Your comment about a grown man spitting on a girl refers to an incident, and others like it, unfortunately, carried out by a tiny sect of extremists from whom almost all of the Orthodox world has distanced themselves.  Such a sect does not represent Orthodox Jews or their values any more than a street gang in South Central L.A. should be used as the social barometer for “how Americans behave.”  That’s what their behavior has reduced them to: a gang of thugs.

There are many issues facing Jewish communities today, and Jews around the world.  I wasn’t trying take on that whole world.  The article was about films.  If you want to talk about medieval ideas, we should discuss paintings.  (Nor sarcasm – Just a joke.)

Jewish people need to care enough about one another, regardless of affiliation or level of observance, to keep an open dialogue so that together we can tackle these important issues.

mkublin says:

Love your movie idea: The stereotyping!  The sweeping generalizations!  All the makings of a good conspiracy-theory film.   
The make-up department will have to equip everyone with their horns, I suppose.  (Or powder down their real ones?  How far do you take your ignorance?)
Should the director offer any advice to his or her actors other than the note to constantly rub their hands together in the traditional,  greedy Shylock fashion?
Jew Actor: “What’s my motivation?”  
Jew Director: “Money!”

I love that you know what Jews should watch and what Jews should do, and what Jews should look at.  What box cars would you lead us to?

SASGraphicD says:

I do understand Halacha, Torah, Talmud, and the Zohar. However, what I don’t understand is how any community can keep it’s people so isolated from our shrinking global world that they can not use the mind that G-d gave them to make their own decisions without asking a Rebbe (or any other leader) no matter how well educated or spiritual they may claim to be. The truth is that the basic foundation of spirituality … Love thy neighbor as you would yourself … Is being ignored because ultra-Orthadox Jews have no more tolerance for each other’s sects or other sects within Judiasm than the Romans had for Jesus, who was born a Jew, and also studied Torah and probably the Zohar. Mankind used their freedom of choice to interpret G-d’s Light, and mankind including the Ultr-Orthodox have interpreted Torah. An isolated community, no matter how righteous, is still isolated from the rest of G-d’s creations, thus breeding intolerance and lack of understanding. Mankind was given the ability to think and thus create many cures, but the only cure for ignorance is a willingness to see see this tiny planet as G-d’s creation where each individual soul has the right to learn about each other so that tolerance can begin. Only G-d in the end should judge, not man (nor woman).

gemel says:

Am unable to respond to e-mails until at the earliest on Tuesday, May 29th – and possibly not until June 7th.
Be well and joyous.

SASGraphicD says:

I try to always learn as much as I can about the Ultra-Orthodox world. I applaud these woman, but I still find the lack of acceptance of at least allowing the outside world to be viewed by many of these communities to be worrisome. I personally know of a grandparent who can not see his own 13 grandchildren because he did not obtain a religious divorce (ghet) from his daughter’s Orthodox community Rebbe, but rather from The Jewish Theological Seminary (Conservative) so his new wife is not considered to be his wife at all. How about some tolerance between Jewish sects, let alone the rest of the world.
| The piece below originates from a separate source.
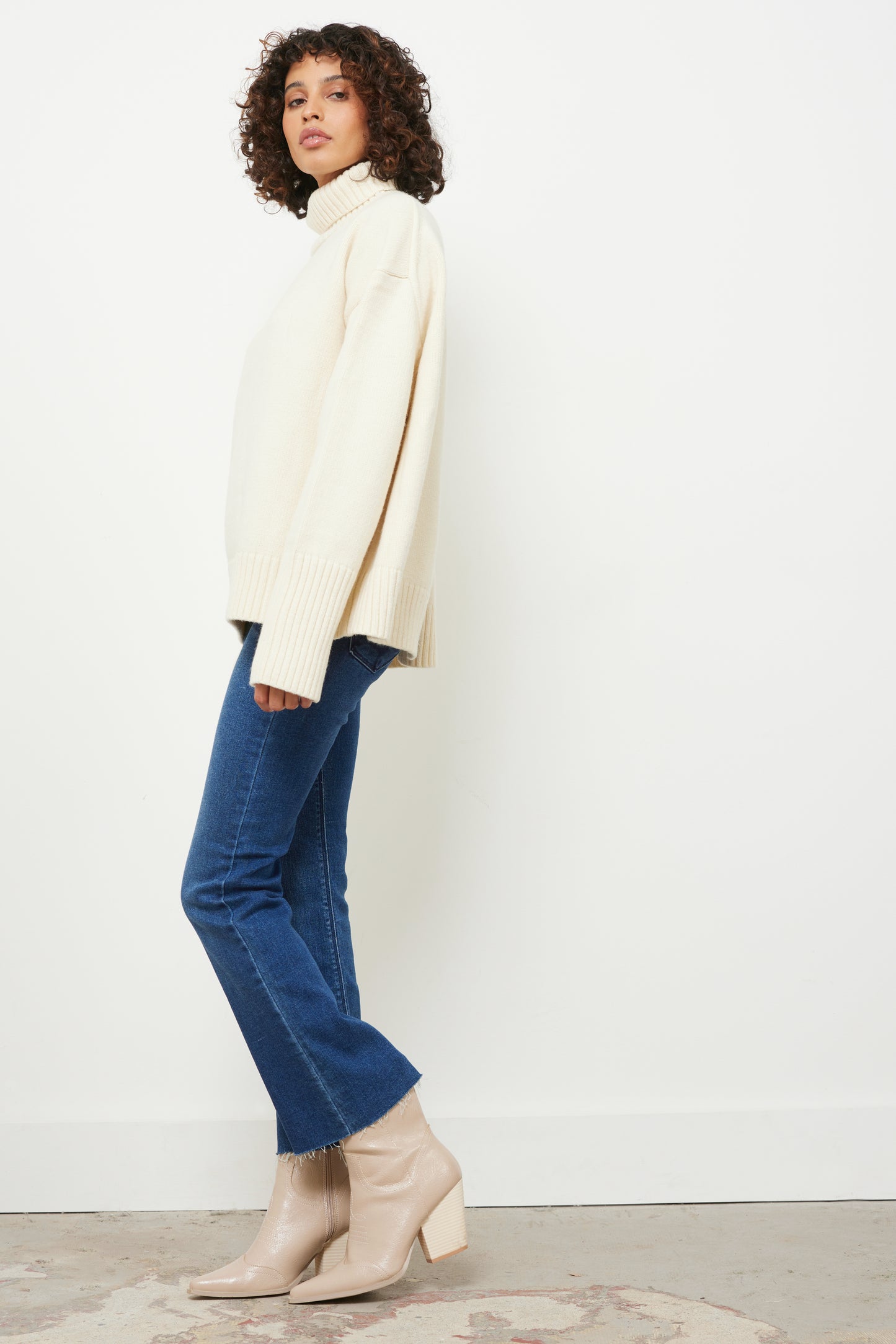 Split Up Cream Knit Top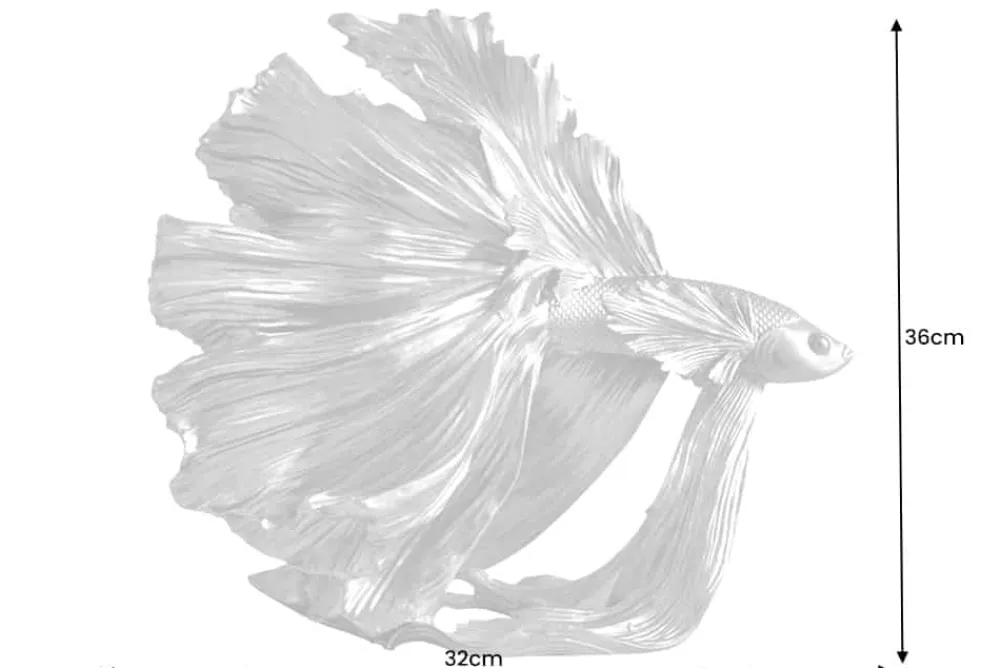 Riess-Ambiente Dekoration > Design Deko Figur Kampffisch CROWNTAIL 35cm silber Betta Fisch Skulptur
I am old enough to tell you from personal experience that if the Frum community had been more worldly they would have known the Shoah was coming and perhaps left in droves before September 1939.
This isolation is not good for our health or well being. A good reading of  Mein Kampf might have been the forewarning.  
Each little group listens to their rabbi as if the man hears the voice of Hashem.  Far from it.  Most only want control over their bailiwick.  Few are able to enter the other realms and return. 
Jews are supposed to think for themselves. And to be truly religious you have to learn everything you can about human nature.  If all is forbidden to you and you have never seen the outside world you are but a parrot at best rather than a true holy person.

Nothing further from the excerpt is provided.